Nokia appears to have published that article in March 2021, but the changes it predicted are likely to happen gradually over an extended period. Distributed ledgers or blockchains are far from mature and many of their flaws are still being addressed. But there is a growing consensus that they will play a significant role in the future of the Internet.
‘Network as code’
Nokia itself is hoping that the web 3.0 movement will lead to rising demand for programmable networks that developers can harness to support decentralised services and apps. In June 2022, the company published a podcast in which Jitin Bhandari, CTO of Cloud and Network Services at Nokia, discusses the concept of “network as code”.
By that, he means the creation of a persona of the network that can be programmed by ecosystem developers and technology application partners “in domains of enterprise, in domains of web 2.0 and web 3.0 technologies, in domains of industry 4.0 applications, in scenarios of operational technology (OT) applications.”
Nokia envisions that 5G networks will be able to participate in what it calls distributed service chains – the interlinking of multiple service providers to create new value.
Although blockchains are widely associated with Bitcoin, they can enable much more than cryptocurrencies. As a distributed computer, a blockchain can be used for multiple purposes – it can store the number of tokens in a wallet, the terms of a self-executing contract, or the code for a decentralised app.
As early as 2014, Gavin Wood, the founder of the popular Ethereum blockchain, laid out a vision that web 3.0 will enable users to exchange money and information on the web without employing a middleman, such as a bank or a tech company.

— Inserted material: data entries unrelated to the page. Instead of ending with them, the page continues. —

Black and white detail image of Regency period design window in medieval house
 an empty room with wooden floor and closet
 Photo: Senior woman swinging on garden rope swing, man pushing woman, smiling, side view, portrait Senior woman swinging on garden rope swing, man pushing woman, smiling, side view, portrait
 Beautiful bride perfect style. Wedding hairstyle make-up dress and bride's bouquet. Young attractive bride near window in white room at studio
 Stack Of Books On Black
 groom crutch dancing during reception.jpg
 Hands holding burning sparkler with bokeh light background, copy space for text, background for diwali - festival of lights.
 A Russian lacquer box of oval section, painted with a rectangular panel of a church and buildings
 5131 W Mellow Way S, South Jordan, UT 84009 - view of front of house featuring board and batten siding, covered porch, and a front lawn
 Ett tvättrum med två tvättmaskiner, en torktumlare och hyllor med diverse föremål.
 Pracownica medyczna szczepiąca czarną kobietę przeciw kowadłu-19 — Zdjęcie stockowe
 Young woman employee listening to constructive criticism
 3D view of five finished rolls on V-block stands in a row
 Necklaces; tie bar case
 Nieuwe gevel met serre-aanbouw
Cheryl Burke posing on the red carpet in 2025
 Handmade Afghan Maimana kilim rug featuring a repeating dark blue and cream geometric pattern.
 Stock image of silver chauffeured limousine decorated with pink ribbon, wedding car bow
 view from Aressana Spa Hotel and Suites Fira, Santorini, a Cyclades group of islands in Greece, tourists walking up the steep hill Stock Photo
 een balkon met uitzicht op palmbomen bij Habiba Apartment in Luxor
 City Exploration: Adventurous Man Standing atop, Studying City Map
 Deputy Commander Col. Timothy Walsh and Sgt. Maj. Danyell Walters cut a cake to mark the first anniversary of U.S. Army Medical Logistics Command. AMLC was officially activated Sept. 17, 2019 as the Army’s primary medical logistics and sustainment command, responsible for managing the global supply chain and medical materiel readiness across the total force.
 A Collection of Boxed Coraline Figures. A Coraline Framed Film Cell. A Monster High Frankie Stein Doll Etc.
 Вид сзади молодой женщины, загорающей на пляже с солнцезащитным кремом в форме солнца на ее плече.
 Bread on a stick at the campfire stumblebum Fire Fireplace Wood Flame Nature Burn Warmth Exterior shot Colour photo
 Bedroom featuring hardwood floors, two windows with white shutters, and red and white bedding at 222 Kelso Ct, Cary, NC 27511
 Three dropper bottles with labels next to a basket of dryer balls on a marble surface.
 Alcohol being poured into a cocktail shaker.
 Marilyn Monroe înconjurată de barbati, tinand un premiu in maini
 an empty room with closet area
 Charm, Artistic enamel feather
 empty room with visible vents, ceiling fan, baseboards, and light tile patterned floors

Theoretically, this would give people more control over their data and be able to sell it if they choose.
Today, Ethereum is one of the most widely used (and trusted) blockchains. It bills itself as a permissionless blockchain, which means no one controls access to the service – there are no gatekeepers. Still, as the Ethereum website acknowledges, there are several disadvantages to web 3.0 decentralisation, as well as advantages.
Article courtesy STL Partners.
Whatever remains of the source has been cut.